I am going through some practice questions and am having trouble to finding distinct equivalence classes and this is my understanding so far.
Let S be a nonempty subset of Z, and let R be a relation defined on $S$ by $xRy$ if $3 | (x + 2y)$.
Find the distinct equivalence classes for $S=\{−7, −6, −2, 0, 1, 4, 5, 7\}$
Now, I understand that for $3 | (x + 2y) \equiv$ $$x\equiv -2y(mod 3)$$
So that means, I would have to find combinations of elements from the set S such that $-2y$ must have a remainder $x$ when divided by 3? However for one of the solutions given, $$[5] = \{5,-7\}$$
If I am not mistaken, for $-2(5) = - 10; -2(-7) = 14$ and $$-10(mod3)=2$$ $$14(mod3)=2$$.

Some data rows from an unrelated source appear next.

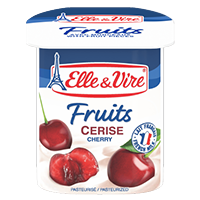 Cherry Cherry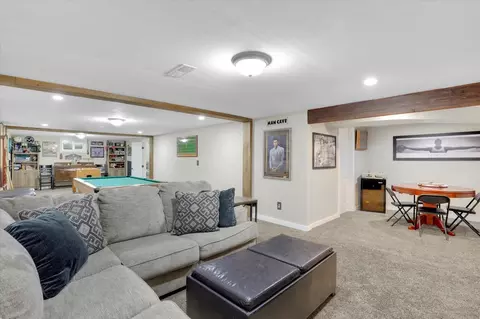 Other - 13720 E 27th Ave, Spokane Valley, WA 99216 photo 3 of 7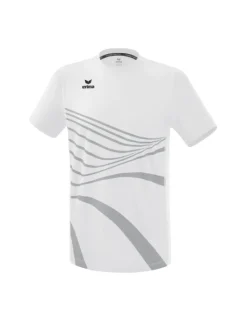 erima Kinder RACING T-Shirt new white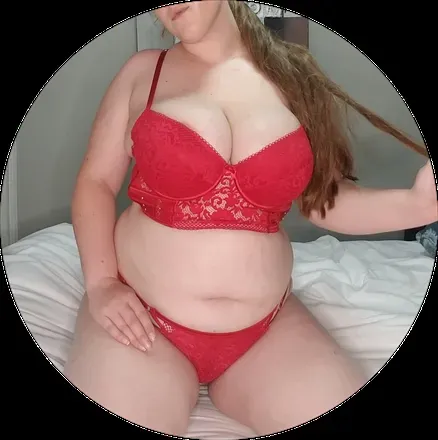 OnlyFans cuenta little-naughty-pisser avatar 1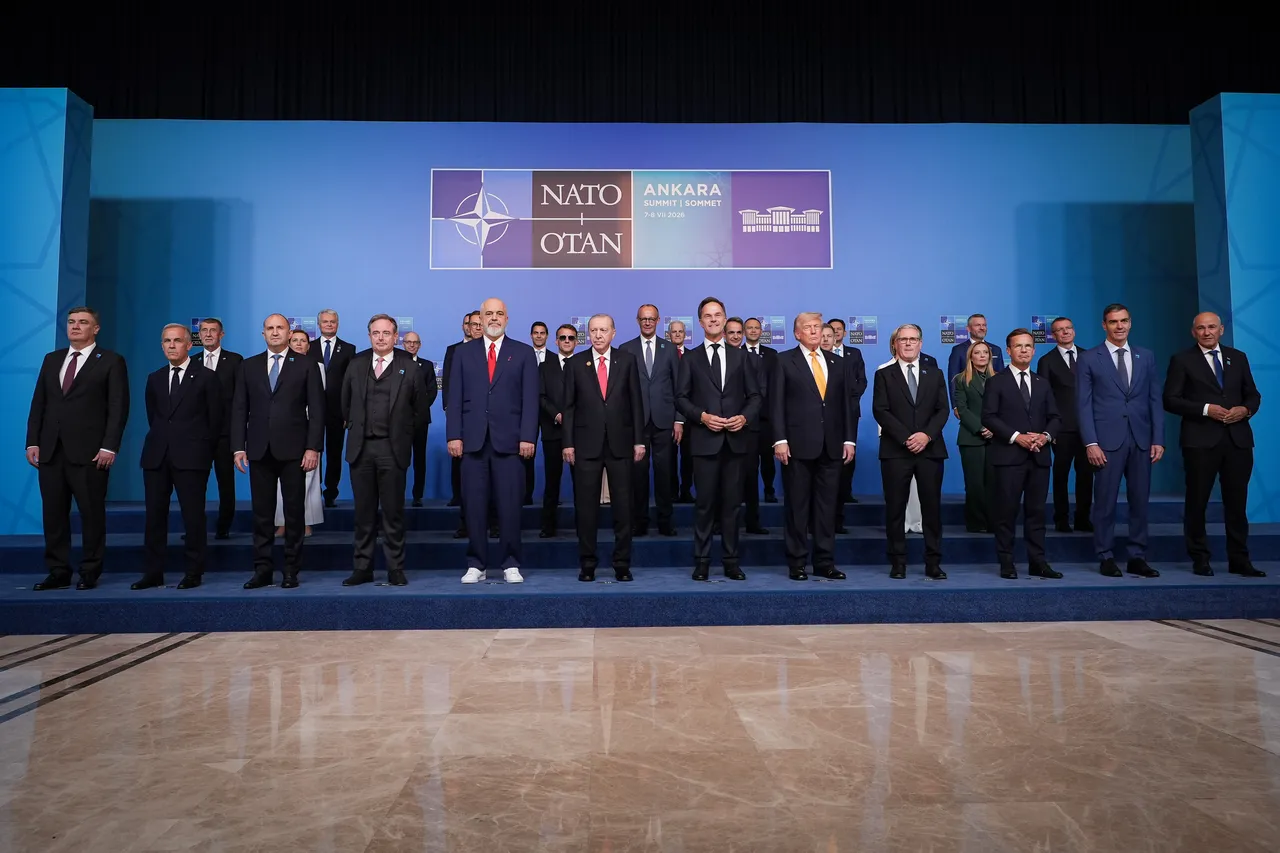 50 Milyar Dolarlik Tedarik Anlasmasi Saglandi Iste Nato Ankara Zirvesinin Sonuc Bildi 1802040 202607081609 20260708160950 1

So, then $[2] = \{5,-7\}$ right? Or am I missing something that I don't understand. Also, from further observation, anything divided by 3 can only have remainder of 0,1 and 2. Then [5] = ... doesn't make sense. If anyone could clarify, that would be helpful! Thanks.
No; this means that $x$ and $-2y$ must have the same remainder when divided by $3$. For example, both $5$ and $-2(-7)$ have the remainder $2$ when divided by $3$, so $5$ and $-7$ are in the same class.
$2$ doesn't belong to $S$, so technically the "class of $2$", which you denoted $[2]$, is meaningless in this context.
By definition, $[5]$ means "the equivalence class that contains $5$." Hopefully the above remarks make it clearer that this does makes sense.